Daughter’s Share And Right in Father’s Property And the case of Danamma v. Amar (2018).

Daughter's Share And Right in Father's Property And the case of Danamma v. Amar (2018).
Daughter's Share And Right in Father's Property And the case of Danamma v. Amar (2018).


The controversy surrounding the inheritance right of women in India had enjoyed a prominent position in the India legal, political and socio-economic endeavours. With the amendments of the Hindu Succession Act of 2005, it was believed that the said controversy has been laid to rest. Surprisingly, the lower court relying on the said amendment of 2005 delivered various contradictory interpretations in their judgments.
However, a two-judge panel of the Supreme Court of India had in the case of Danamma v. Amar, while overruling the lower courts on the 1st day of February 2018 affirmed the equality of the rights of women with their male counterparts in the inheritance of property in a Hindu Undivided Family. The Supreme Court went further to hold that the provisions of the amended Hindu Succession Act of 2005 which formed the bedrock of their judgment in the said case have a retrospective effect.

The Hindu Undivided Family (HUF)

A HUF connotes a family structure which exists amongst the Hindu in India. This entails a distinct legal personality including sons, daughters and wives in a family of about four (4) generations. Any person(s) who falls within the instant explanation of a HUF acquires an undivided property interest in the Hindu Family property right from birth.

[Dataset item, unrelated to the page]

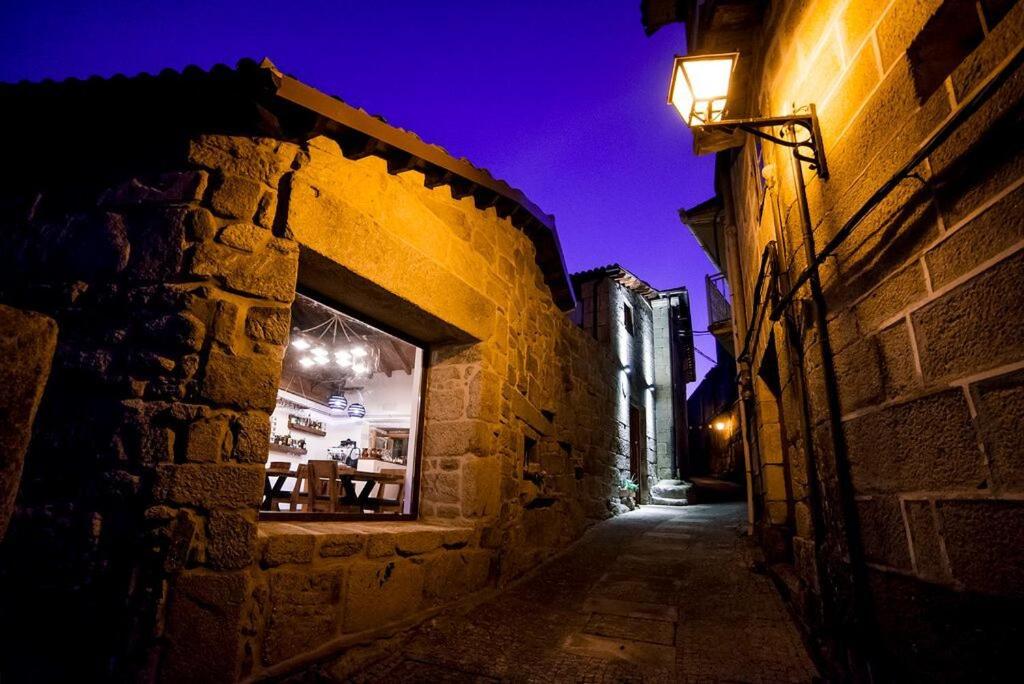 un callejón por la noche con una luz en el lateral de un edificio en Aldea Rural Pazos De Arenteiro, en Pazos de Arenteiro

The inheritance Right of Women under the Hindu Succession Act of 1956

The Hindu Succession Act of 1956 is the principal enactment which governs and defines the extent of the inheritance rights of all persons who are under the Hindu Undivided Family. The inheritance rights under the 1956 Act provides as follows:

Firstly, the Hindu Succession Act, 1956 governs the distribution of the estate of a person who died without making a will. The provisions of this Act applies to all heirs (Hindus) of the deceased who died intestate.

Secondly, the Act accorded recognition to the age-long concept and principles of the Hindu Undivided Family as hereabove described. As those who are entitled to inherit under the Hindu Undivided Family are known as Coparceners. While the property which is subject of inheritance under the HUF is the coparcenary property.

Thirdly, the coparcenary property may be ancestral property and or self-acquired property.

Fourthly, the wives and daughters of a coparcener have entitled a share in the coparcenary property as they do not qualify as coparceners but mere members of the HUF.


The inheritance Right of Women under the Hindu Succession Act of 2005 (As Amended)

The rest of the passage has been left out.